Web page caption snippets:

---*---

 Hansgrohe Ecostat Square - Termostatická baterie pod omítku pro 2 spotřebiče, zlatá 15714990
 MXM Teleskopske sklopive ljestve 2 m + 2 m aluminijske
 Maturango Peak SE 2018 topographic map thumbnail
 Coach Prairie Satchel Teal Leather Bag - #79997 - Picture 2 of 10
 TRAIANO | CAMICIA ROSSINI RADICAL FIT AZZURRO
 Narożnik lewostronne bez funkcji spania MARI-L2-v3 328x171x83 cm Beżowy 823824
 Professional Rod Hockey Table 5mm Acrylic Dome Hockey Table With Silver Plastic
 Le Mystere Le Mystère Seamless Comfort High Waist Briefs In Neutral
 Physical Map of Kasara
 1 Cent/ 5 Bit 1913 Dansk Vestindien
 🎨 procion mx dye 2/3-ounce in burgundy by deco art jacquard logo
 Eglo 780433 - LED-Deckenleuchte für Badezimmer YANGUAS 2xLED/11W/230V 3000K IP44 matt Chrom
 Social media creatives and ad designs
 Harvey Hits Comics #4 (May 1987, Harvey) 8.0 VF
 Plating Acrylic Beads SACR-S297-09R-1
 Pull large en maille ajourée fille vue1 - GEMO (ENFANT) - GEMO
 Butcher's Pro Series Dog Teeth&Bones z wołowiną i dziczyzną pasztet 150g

---*---

### Work to complete
Give an exact copy of the lines from the one with "Maturango Peak SE" through the end of the entries, both ends included.

### Solution to this problem
 Maturango Peak SE 2018 topographic map thumbnail
 Coach Prairie Satchel Teal Leather Bag - #79997 - Picture 2 of 10
 TRAIANO | CAMICIA ROSSINI RADICAL FIT AZZURRO
 Narożnik lewostronne bez funkcji spania MARI-L2-v3 328x171x83 cm Beżowy 823824
 Professional Rod Hockey Table 5mm Acrylic Dome Hockey Table With Silver Plastic
 Le Mystere Le Mystère Seamless Comfort High Waist Briefs In Neutral
 Physical Map of Kasara
 1 Cent/ 5 Bit 1913 Dansk Vestindien
 🎨 procion mx dye 2/3-ounce in burgundy by deco art jacquard logo
 Eglo 780433 - LED-Deckenleuchte für Badezimmer YANGUAS 2xLED/11W/230V 3000K IP44 matt Chrom
 Social media creatives and ad designs
 Harvey Hits Comics #4 (May 1987, Harvey) 8.0 VF
 Plating Acrylic Beads SACR-S297-09R-1
 Pull large en maille ajourée fille vue1 - GEMO (ENFANT) - GEMO
 Butcher's Pro Series Dog Teeth&Bones z wołowiną i dziczyzną pasztet 150g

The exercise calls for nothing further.